Testing Product Concepts with Behavioral Level Modeling
Computer and electrical engineers work through a process that allows them to test, or model, potential solutions to find out whether the idea is likely to work in the real world. For products that rely on signal processing, engineers use signals and system modeling and analysis to reveal what’s possible.
When you’re trying to quickly prove a solution approach, you’ll often turn to behavioral level modeling of certain elements of the overall system to avoid low-level implementation details. For example, a subsystem design may require knowledge of a signal parameter (such as amplitude or frequency) to function.
At first, you may assume that the parameter is well known. Later, you add low-level details to estimate (not perfectly) the parameter. As your confidence and understanding grows, you represent the low-level details in the model and actual implementation becomes possible.
Behavioral level modeling also applies when you need to model physical environments that lie outside a design but are needed to evaluate performance under realistic scenarios.
Staying abstract to generate ideas
Behavioral level modeling isn’t void of hardware constraints and realities, but it requires a certain level of abstraction to allow preliminary concept solutions to materialize quickly. Behavioral level models depend on applied mathematics.
In other words, computer and electronic engineers don’t frequently handle actual hardware and devices used for an implementation. The model of the hardware is what’s important at this point. The engineer’s job is to conceptualize systems and subsystems through a framework of mathematical concepts, and abstraction provides great creative freedom to explore the possibilities.

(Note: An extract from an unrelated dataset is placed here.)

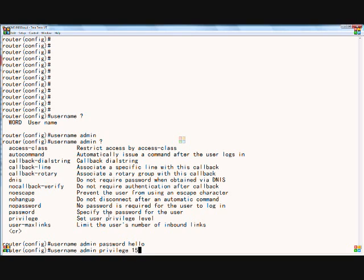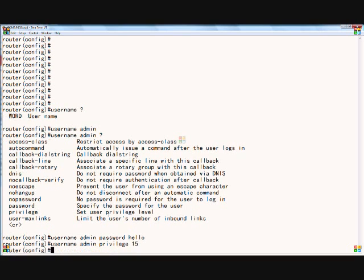The privilege level goes from 0 to 15. 15 is the same access you have when logging in with the default username and password when you first get the Cisco router installed. That is level 15, which gives you unlimited access to everything.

Suppose you seek a new design for an existing system to improve performance. You hope to make such improvements with new device technology. You don’t want to get bogged down in all the details of how to interface this device into the current design, so you move up in abstraction with a model to quickly find out how much you can improve performance with a new design.
If adequate improvement potential doesn’t exist, then you settle down and investigate other options. Rinse, lather, and repeat.
Keep in mind that improved performance isn’t always the primary objective of signals and systems modeling. Sometimes, a design is driven by cost, availability of materials, manufacturing processes, and time to market, or some other consideration.
Working from the top down
A design that relies on signals and systems starts from a top-level view and works down to the nitty-gritty details of final implementation. Analysis and simulation performed at the top level depends on behavioral level modeling. The model is ultimately broken into subsystems for testing and refinement, and then the system comes together again before implementation.
Typically, your task as an electronic engineer is to create some new or enhanced functionality for a computer- or electrical-based product. For example, you may need to support a new radio interface due to recent standard updates.
At first, the changes may seem simple and straightforward, but as you dig into the work, you may begin to see that the changes require significant adjustments in signal processing algorithms. This means that the new radio interface will require a few totally new designs, so you need to model and simulate various implementation approaches to find out what’s likely to work best.
Relying on mathematics
Many people write off signals and systems as a pile of confusing math, and they run for the hills. True, the math can be intimidating at first, but the rewards of seeing your finely crafted mathematical model lead the way to a shipping product is worth the extra effort. In the end, the math is on your side. It’s the only way to model concepts that function properly in the real world.
A go-to approach when a problem seems unsolvable: Take it slow and steady. If a solution isn’t clear after you think about the problem for a while, walk away and come back to it later. Practice and experience with various problem-solving techniques and options help, so try to work as many types of problems as you can — especially in the areas you feel the most discomfort. Eventually, a solution reveals itself.
When possible, verify your solutions by using computer analysis and simulation tools such as Python with the numerical support and visualization capabilities of PyLab (NumPy, SciPy, matplotlib) and the IPython environment to perform number-crunching analysis and simulations. For problems involving more symbolic mathematics, use the computer algebra system (CAS) provided by Maxima.